In uno snodo fondamentale della messinscena, Chet confessa: «Volevo lasciare un segno nella storia del jazz. Forse non ci sono riuscito.» Si sbagliava…


Fresu e i suoi giovani partner, da parte loro, eseguono una serie di brani originali, più quattro standards, cavalli di battaglia del trombettista statunitense. Il trio procede in modo molto ispirato, con una souplesse controllata, salvo, in qualche caso, mettere dentro un po’ più di vigore, di energia, ma senza esagerare. La proposta musicale risulta così un elemento sicuramente qualificante dello spettacolo.
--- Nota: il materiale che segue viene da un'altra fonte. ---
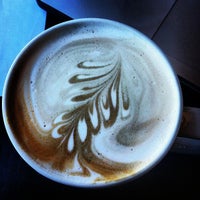 Foto tirada no(a) Indie Coffee por Mark K. em 8/27/2012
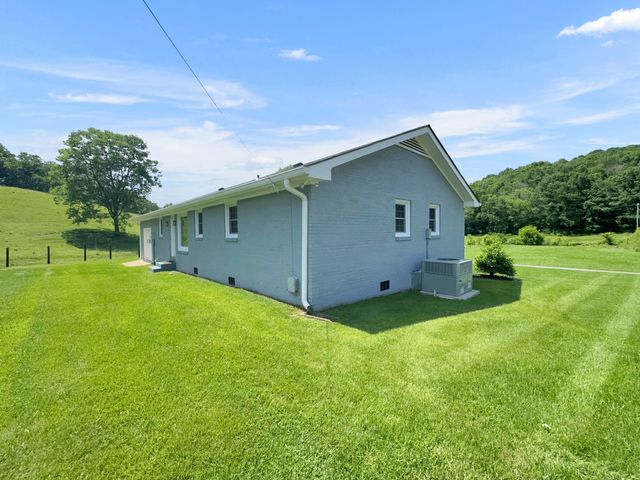 1358 Dry Branch Rd, Dixon Springs, TN 37057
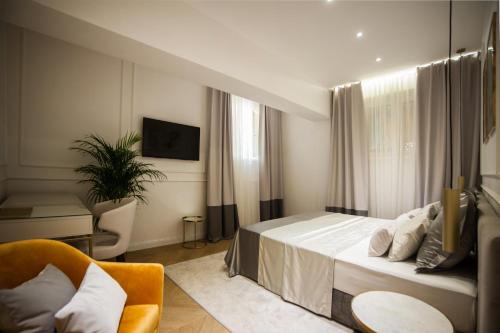 Club boutique rooms
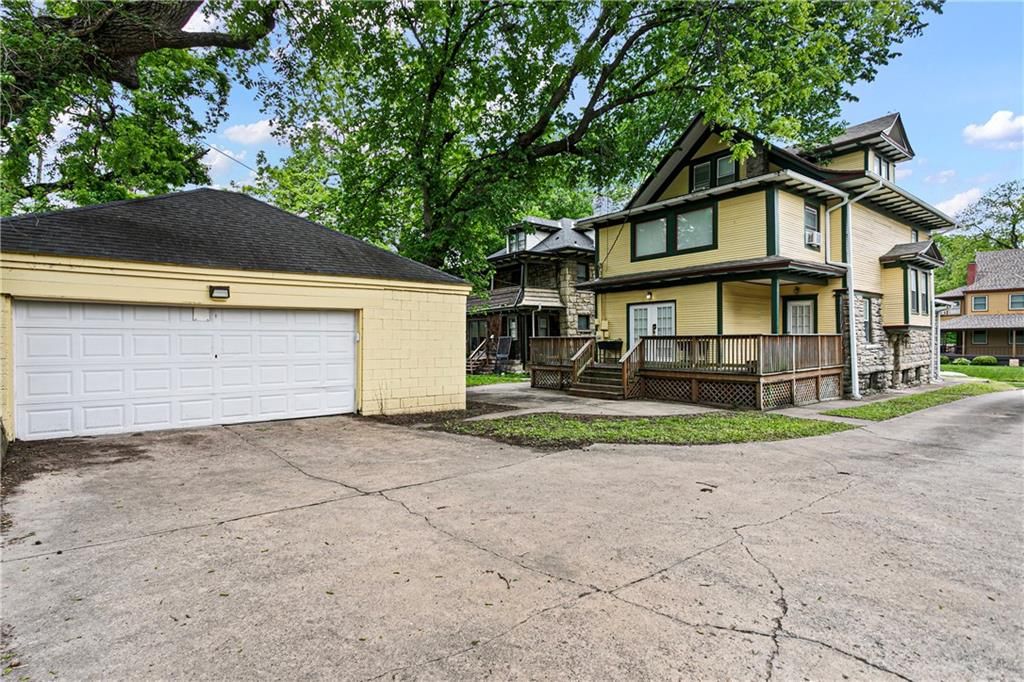 3527 Kenwood Avenue — photo 29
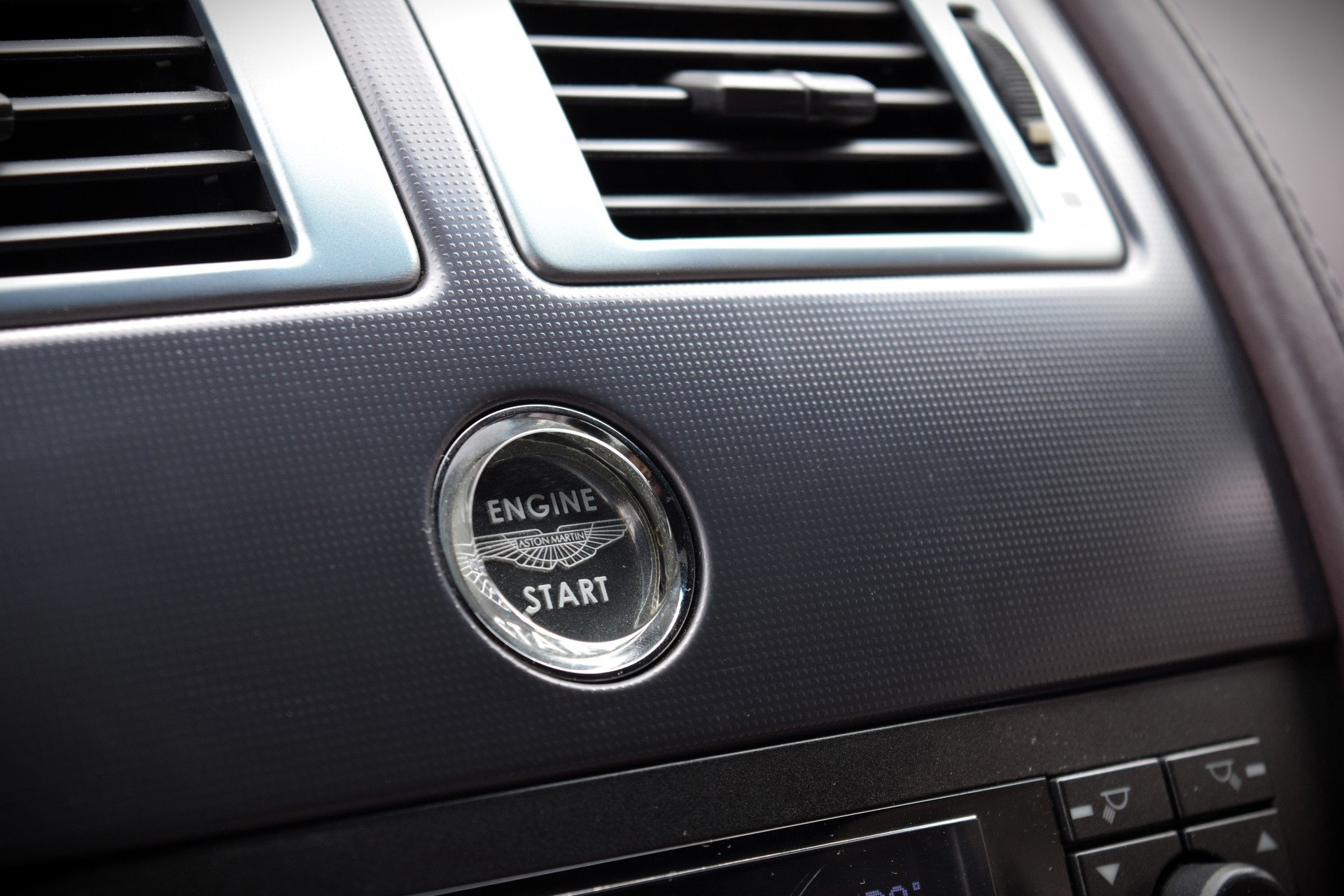 ASTON MARTIN V8 Vantage 4.3-image-2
Leo Muscato, regista e autore del testo, insieme a Laura Perini, ha svolto un lavoro mastodontico per informarsi compiutamente sull’argomento, andando a consultare la ricca bibliografia disponibile. Non ci sono elementi di fantasia nell’opera, insomma. Tutto è documentato. La messinsena, inoltre, è unica nel suo genere. Di Chet Baker hanno scritto in tanti e si sono girati anche film sulla sua vita. Nessuno aveva mai tentato un’operazione di questo genere, però, con un trio jazz a interagire con le parole del copione, a dividere al 50% la responsabilità di questa studiata realizzazione. Per il coraggio manifestato da regista e interpreti nell’affrontare questa autentica scommessa, per il pathos e la dedizione a servizio dell’idea portante messi in campo da tutti, “Il tempo di Chet” si fa assolutamente raccomandare. È uno spettacolo appassionato e appassionante, in grado di coinvolgere il pubblico per la bellezza della musica e la serietà, il rigore e il respiro teatrale con cui è portata avanti la storia di un mito del novecento.